Features from one or more of the above-described embodiments may be selected to create alternate embodiments comprised of a subcombination of features which may not be explicitly described above. In addition, features from one or more of the above-described embodiments may be selected and combined to create alternate embodiments comprised of a combination of features which may not be explicitly described above. Features suitable for such combinations and subcombinations would be readily apparent to persons skilled in the art upon review of the present application as a whole.

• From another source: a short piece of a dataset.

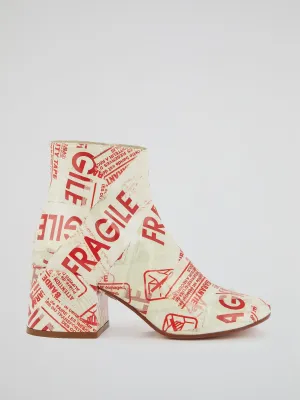 Text Print Block Heel Boots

In addition, numerous specific details are set forth to provide a thorough understanding of the example embodiments described herein. It will, however, be understood by those of ordinary skill in the art that the example embodiments described herein may be practiced without these specific details. Furthermore, well-known methods, procedures, and elements have not been described in detail so as not to obscure the example embodiments described herein. The subject matter described herein and in the recited claims intends to cover and embrace all suitable changes in technology.

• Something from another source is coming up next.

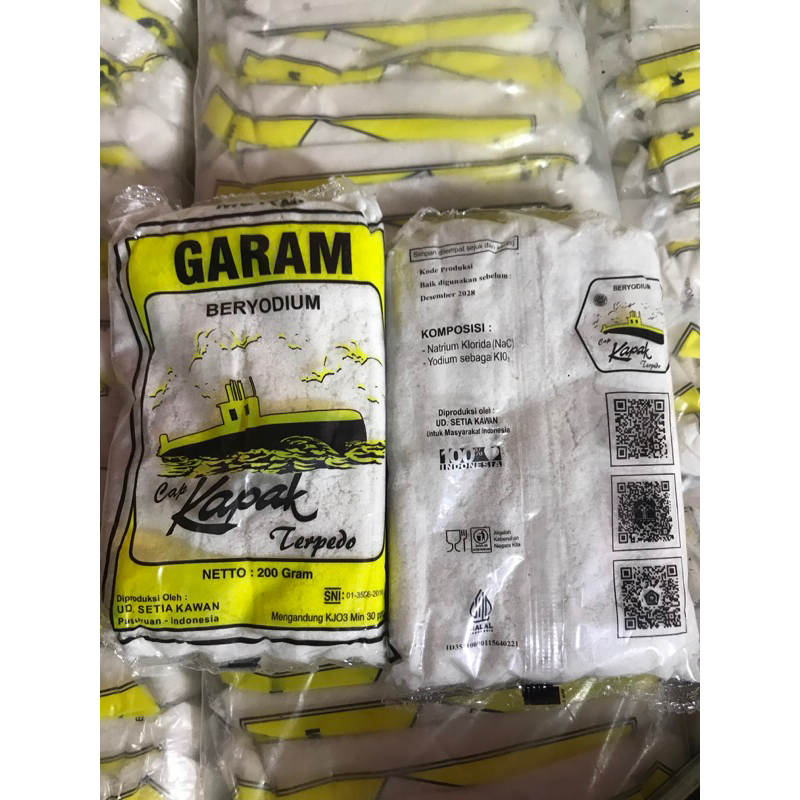 

(1PCS) garam halus beryodium cap kapak terpedo 200gram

Although the present disclosure is described at least in part in terms of methods, a person of ordinary skill in the art will understand that the present disclosure is also directed to the various elements for performing at least some of the aspects and features of the described methods, be it by way of hardware, software or a combination thereof. Accordingly, the technical solution of the present disclosure may be embodied in a non-volatile or non-transitory machine-readable medium (e.g., optical disk, flash memory, etc.) having stored thereon executable instructions tangibly stored thereon that enable a processing device to execute examples of the methods disclosed herein.
The term “processor” may comprise any programmable system comprising systems using microprocessors/controllers or nanoprocessors/controllers, digital signal processors (DSPs), application specific integrated circuits (ASICs), field-programmable gate arrays (FPGAs) reduced instruction set circuits (RISCs), logic circuits, and any other circuit or processor capable of executing the functions described herein. The term “database” may refer to either a body of data, a relational database management system (RDBMS), or to both. As used herein, a database may comprise any collection of data comprising hierarchical databases, relational databases, flat file databases, object-relational databases, object oriented databases, and any other structured collection of records or data that is stored in a computer system. The above examples are example only, and thus are not intended to limit in any way the definition and/or meaning of the terms “processor” or “database”.
The present disclosure may be embodied in other specific forms without departing from the subject matter of the claims. The described example embodiments are to be considered in all respects as being only illustrative and not restrictive. The present disclosure intends to cover and embrace all suitable changes in technology. The scope of the present disclosure is, therefore, described by the appended claims rather than by the foregoing description. The scope of the claims should not be limited by the embodiments set forth in the examples, but should be given the broadest interpretation consistent with the description as a whole.